My second question is 2. Since the buffer has been used to overwrite all variables including and beyond the return address, how does the notesearch program work as intended? Variables like "printing" etc which sit in this stackframe and decide whether messages are printed or not all seem to work fine. Even though the calling functions sit ontop of the relevant stackframe, where the string buffer which is being flooded sits, there are certain key variables whioch would have been overwritten.

Question no. 3. Given that String buffer is part of a new stack frame pushed in after execution of notesearch starts, the buffer overwrites all the given variables in that notesearch program. Also the buffer is the value for the search string. By the program logic since the search string does not match with message, the program should not output details of the User messages. In this case, the messages appear. I want to know why?

Answer 1

(For reference: the book is http://www.tinker.tv/download/hacking2_sample.pdf and the code is downloadable for free from http://www.nostarch.com/hacking2.htm.)

Keep reading the book; another example is given on page 122, and then there's plenty of explanatory text that tells all about the exploits.

Here's the relevant part of notesearch's code:

int main(int argc, char *argv[]) {
    int userid, printing=1, fd; // file descriptor
    char searchstring[100];

    if(argc > 1)                        // If there is an arg
        strcpy(searchstring, argv[1]);   //   that is the search string
    else                                // otherwise
        searchstring[0] = 0;             //   search string is empty

    userid = getuid();
    fd = open(FILENAME, O_RDONLY);   // open the file for read-only access

You wrote:

The assumption here is that the notesearch program's stack frame comes ontop of the calling exploit's Stack frame.
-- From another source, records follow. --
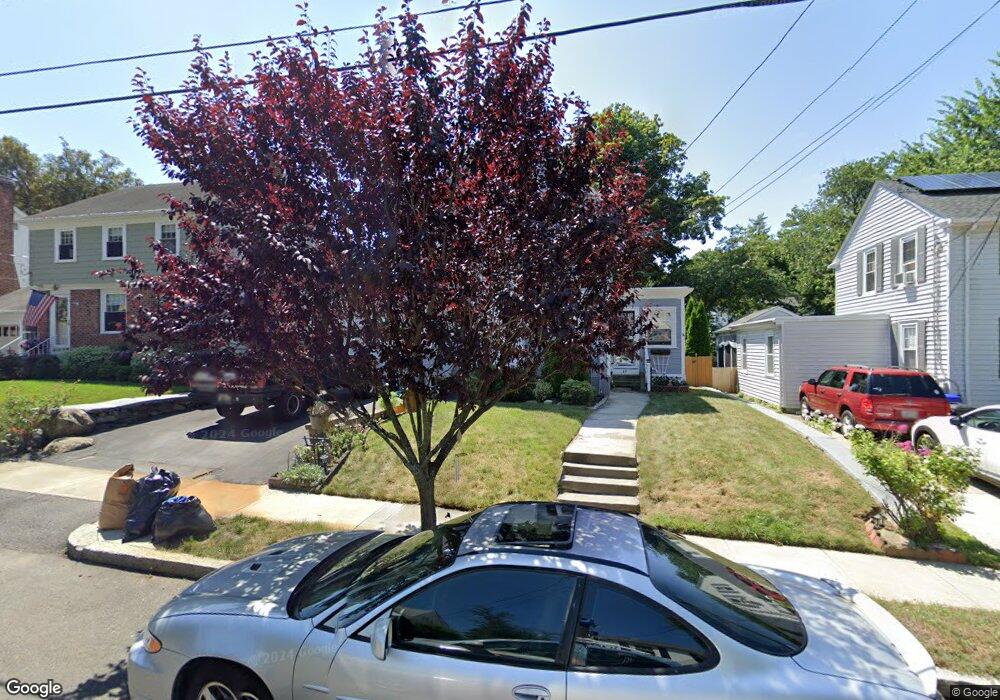 49 Mountain Ave, Riverside, RI 02915 - photo 1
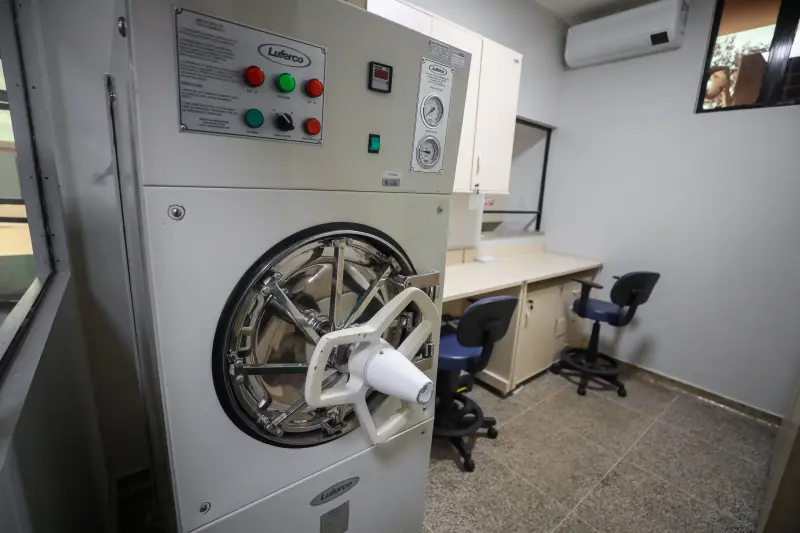  <div class='credito_fotos'>Foto: Marcelo Lelis / Ag. Pará &nbsp;&nbsp;|&nbsp;&nbsp; <a href='/midias/2025/originais/20250722162539-GF00024267-F00424834.jpg' download><i class='fa-solid fa-download'></i> Download</a></div>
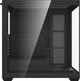 Корпус DarkFlash DS900 Black (DS900 BLACK) - изображение 5
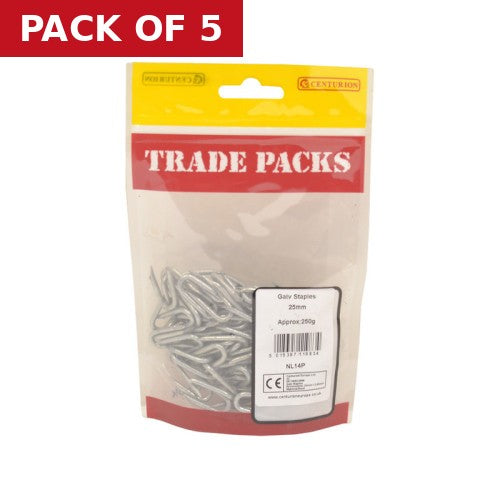 rb-pack-badge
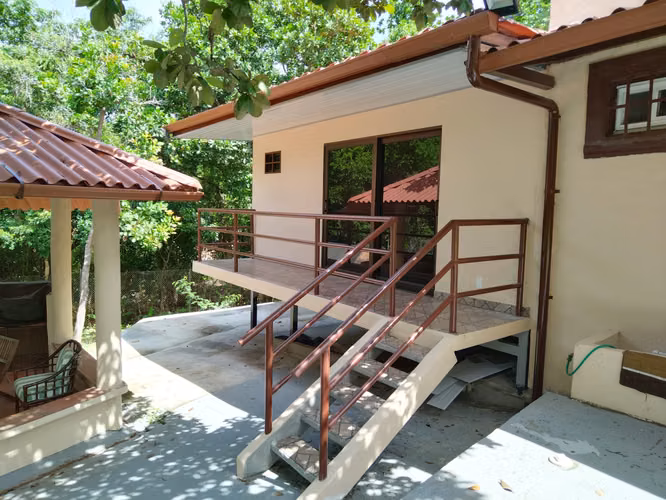 Venta de casa - Chame - Las Lajas
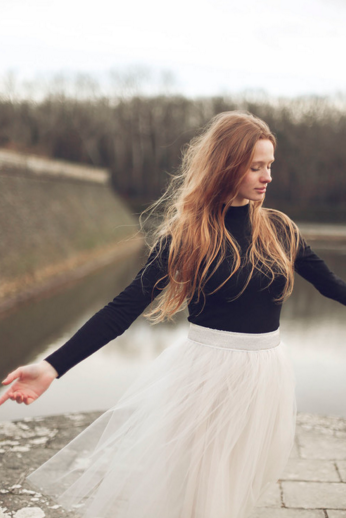Les jupes de prune -Le wedding magazine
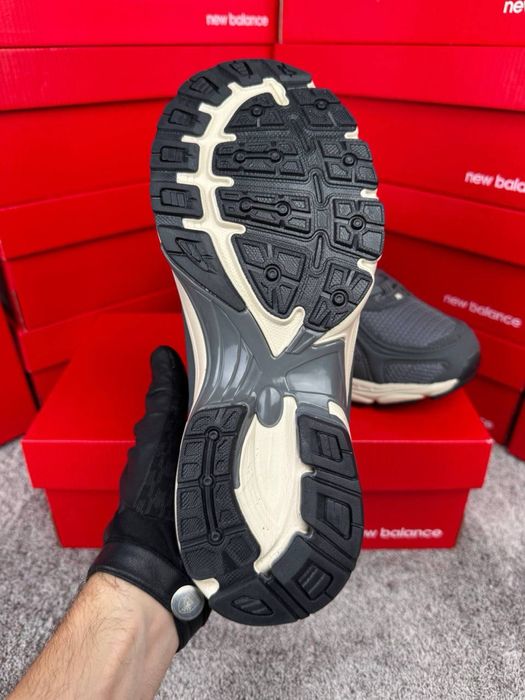 10+ КОЛЬОРІВ‼️ Термо чоловічі кросівки New Balance 740 GTX осінні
No, that's wrong. There is only one stack frame that's relevant here: the stack frame of the main() function in notesearch. The fact that we invoke ./notesearch xyz... via a system() call inside exploit_notesearch is irrelevant; we could just as well invoke ./notesearch xyz... directly on the bash command line, or trick some other process (such as, you know, bash) into executing it on our behalf.
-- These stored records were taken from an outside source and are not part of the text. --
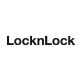 LockLock Home Furnishings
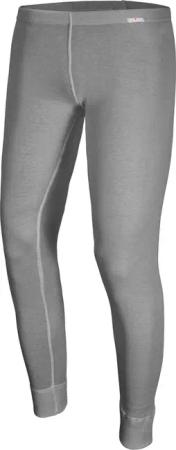 CMP Damen Long Underwear Hose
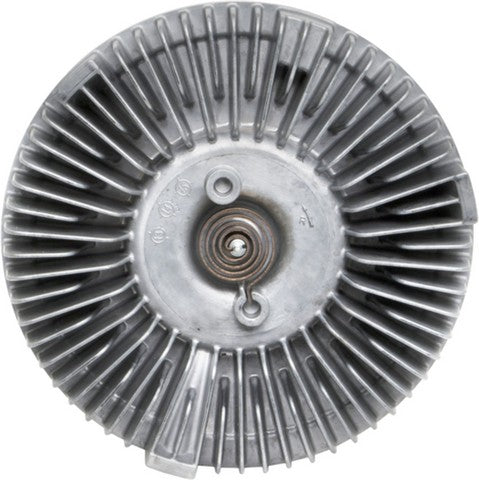 Engine Cooling Fan Clutch Four Seasons 36703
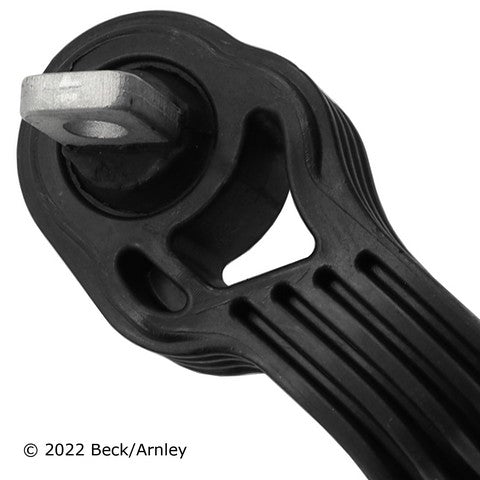 Engine Torque Strut Mount Beck Arnley 104-2222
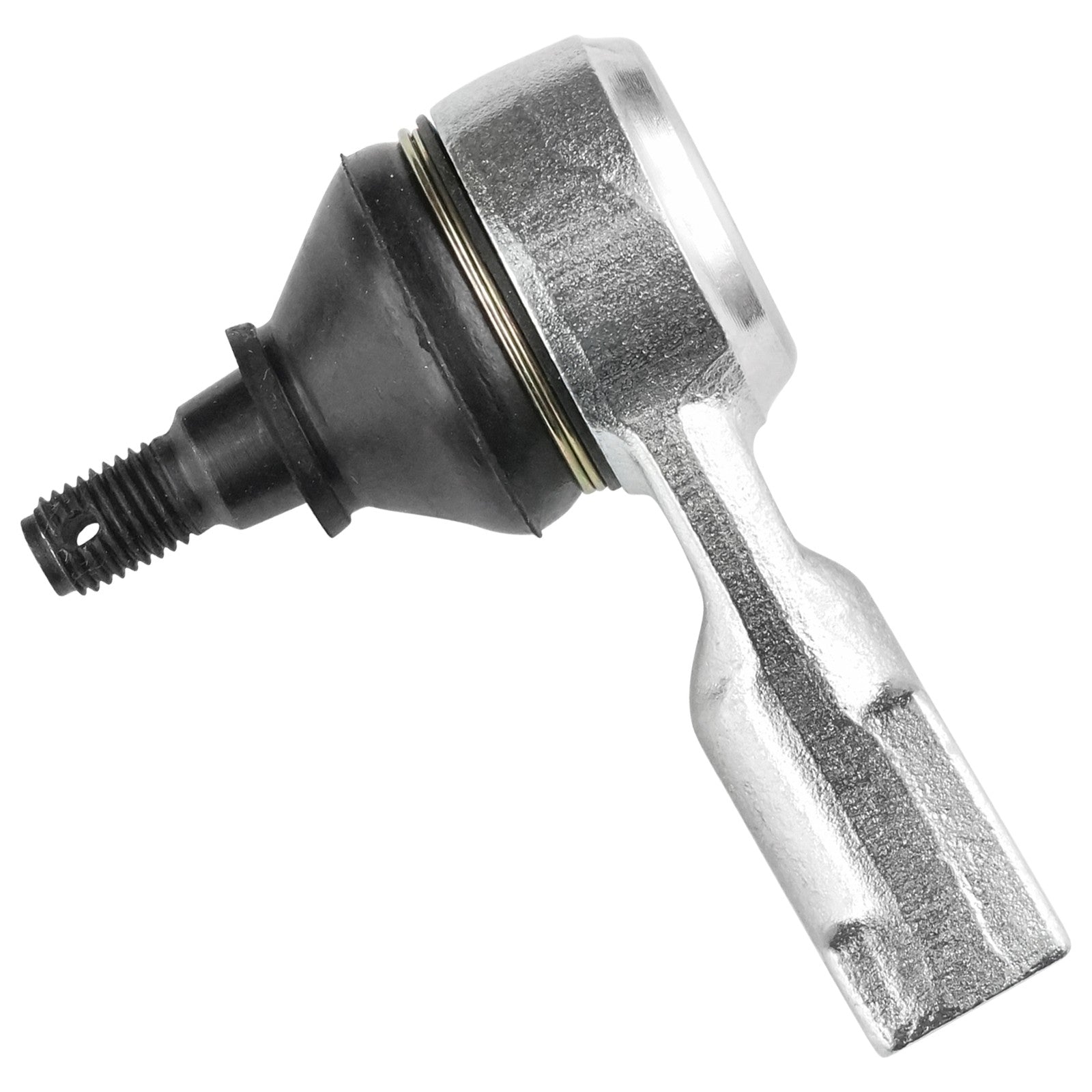Right Tie Rod End Replacement for Kawasaki Mule SX KAF400 (2017–2018)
1. Will this work even as a remote hack?

Of course.

2. Since the buffer has been used to overwrite all variables including and beyond the return address, how does the notesearch program work as intended?
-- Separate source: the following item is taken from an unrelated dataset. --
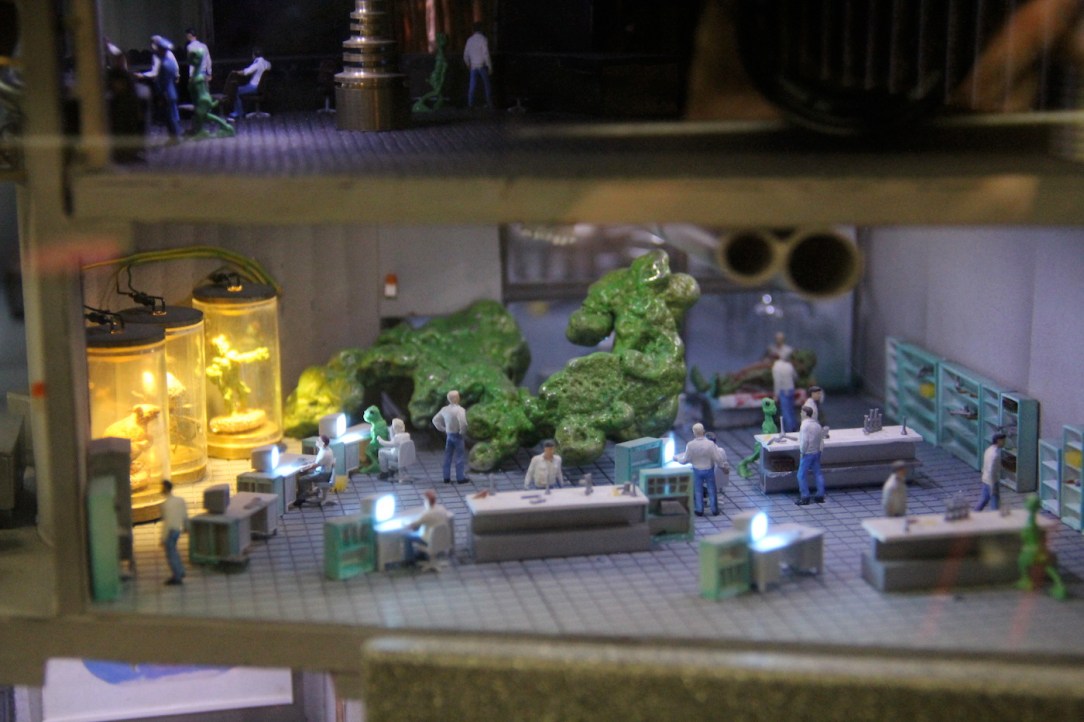 miniatur_wunderland_15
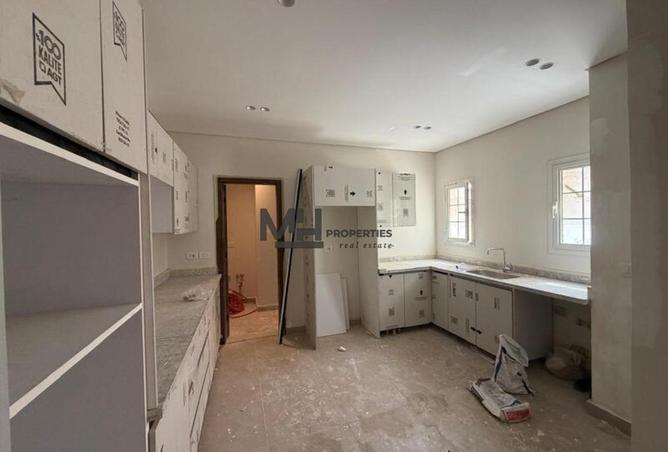 79980974 - Property Image 2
Well, it doesn't really work as intended. Look at the output again:

reader@hacking:~/booksrc $ gcc exploit_notesearch.c
reader@hacking:~/booksrc $ ./a.out
[DEBUG] found a 34 byte note for user id 999
[DEBUG] found a 41 byte note for user id 999
-------[ end of note data ]-------
sh-3.2#

Giving you a shell clearly doesn't count as "working as intended". But even before that, the program claims to find notes for userid 999 in /var/notes, which might indicate that it's a little bit confused. In our role as the malicious hacker, we don't care about this garbage output from the notesearch program; all we care about is that it eventually reaches the end of main() and returns to our shellcode, giving us access to the shell.

But, if you're wondering how we managed to overwrite the return address without overwriting local variables userid, printing, and fd, there are at least three obvious possibilities:

A. Maybe those variables are allocated below searchstring on the stack.

B. Maybe those variables are allocated in registers instead of on the stack.

C. Overwhelmingly likely, those variables are being overwritten, but their initial values simply don't matter to the program. For example, userid can get any value at all, because that garbage value will immediately be overwritten with getuid() on the next line. The only variable whose initial value matters is printing. And even printing changes the behavior of the program only if it happens to get the value 0 — and it can't get the value 0, because the data we're copying in consists entirely of non-zero bytes, by design.